What the task asks » Print the records below exactly, from the line containing "One mother and father sit in a sofa and two" down to the line containing "girl and two", both lines included, and omit every picture.

Exercise input »
**********

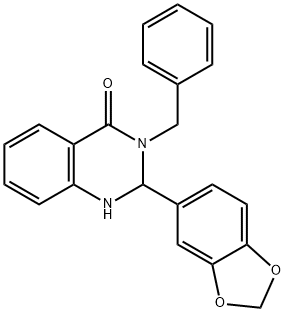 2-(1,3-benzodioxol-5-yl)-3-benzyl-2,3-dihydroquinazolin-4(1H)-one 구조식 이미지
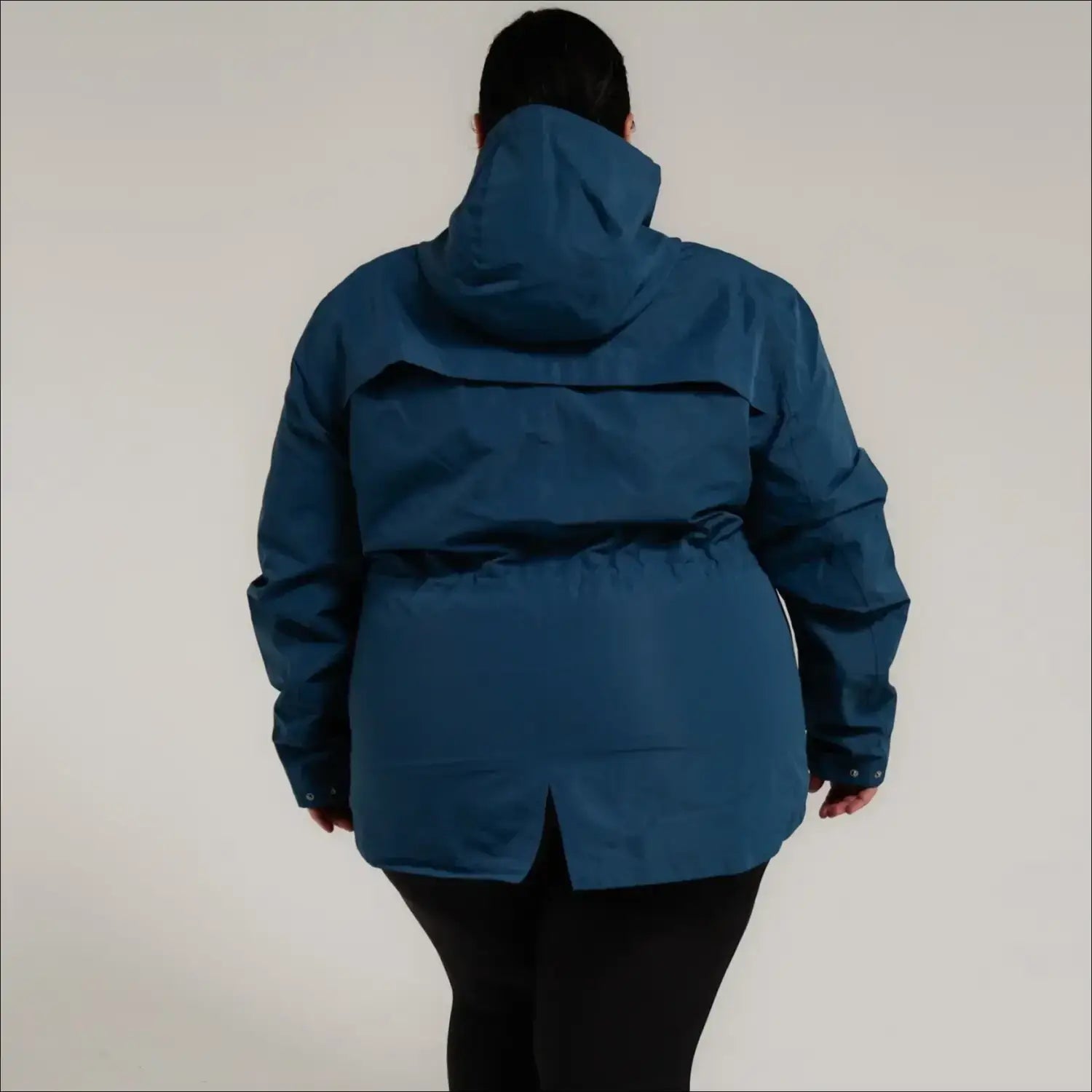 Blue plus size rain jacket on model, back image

**********

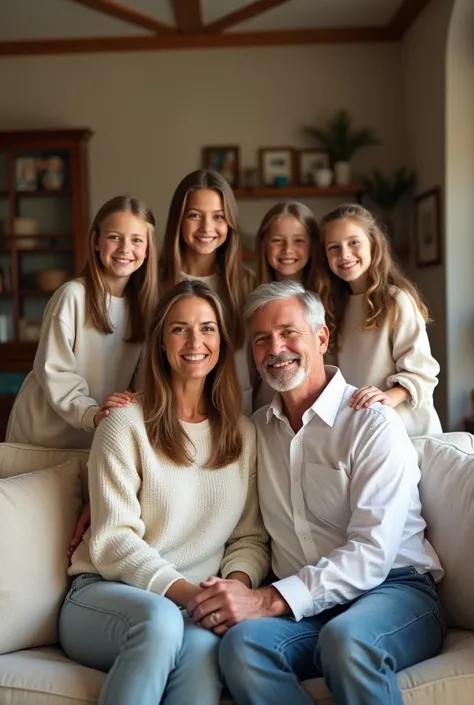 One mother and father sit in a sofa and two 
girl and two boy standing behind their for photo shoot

**********

Response box »
 One mother and father sit in a sofa and two 
girl and two boy standing behind their for photo shoot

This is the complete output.